ESPN provided a live look-in at several games in last night’s action. There were far too many empty seats that the cameras couldn’t hide. Great basketball places such as Tulsa, Oklahoma, with a program coming off an NCAA tournament and that is near the top part of it’s conference – can’t fill half of its arena. Drake, with no pro sports to be had near by, won a thrilling overtime affair over Southern Illinois but not enough people witnessed it – the arena was 36% full. Even in the “Queen City”, where they love basketball, with the #20 team in the nation, their Cincinnati Bearcats, who came in and continued undefeated in conference play. There were around 2,400 seats laying empty . The game of the night, Notre Dame at Florida State, which was for the top spot of the ACC, had nearly 2,000 available seats.
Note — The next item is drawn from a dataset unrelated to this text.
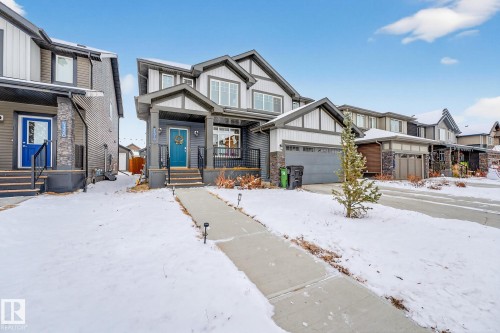 1318 Siskin Wynd, Edmonton, AB - Outdoor With Facade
Why is attendance struggling? Is it too many games? Over 5,500 games will be played in Division 1 basketball. Are too many televised? Live sports has been the last finger in the dam, keeping fledgling cable networks from drowning. The television money has been too good to pass up but perhaps there is long-term damage to the proliferation. For the record, 2015-2016 men’s division basketball attendance was down last year approximately 25 fans per game.
The fear for college basketball is a convergence of three factors:
1) Sports rights fees decline without cable entities having the same subscriber base
We have seen signs of this from ESPN’s much publicized declining subscriber base but it’s not just a big player problem. OneWorld Sports made a deal to broadcast a portion of the Ivy League conference schedule and suddenly the Ivy League pulled most of their games. Late November, OneWorld Sports furloughed much of it’s workforce.
In an interesting move, New Mexico State football has declined televised games forcing Aggie fans to attend if they want to experience it.
2) Fandom is no longer what it was and will continue to deteriorate due to; lack of attention, lack of growing up with the live-sport moment and less first person experience with the sport as youth participation numbers decline. The 2016 Sport and Fitness Industry Association Report showed a decline in core basketball participation (participating more than once a month on average) by 110,000 participants. The math equation is: less participants means less connection with the sport and ultimately less everything (fans, money).
3) The college infrastructure implodes a) students stop/refuse to subsidize athletics b) too much debt between venues, staff salaries and supporting services.
This is my shot of the pre-game huddle of the stands gearing up for MAAC conference play between perennial power Iona taking on a Quinnipiac, January 14th.
When the business model of college basketball stops working for the majority of schools, it won’t be too long before a systematic change is in order.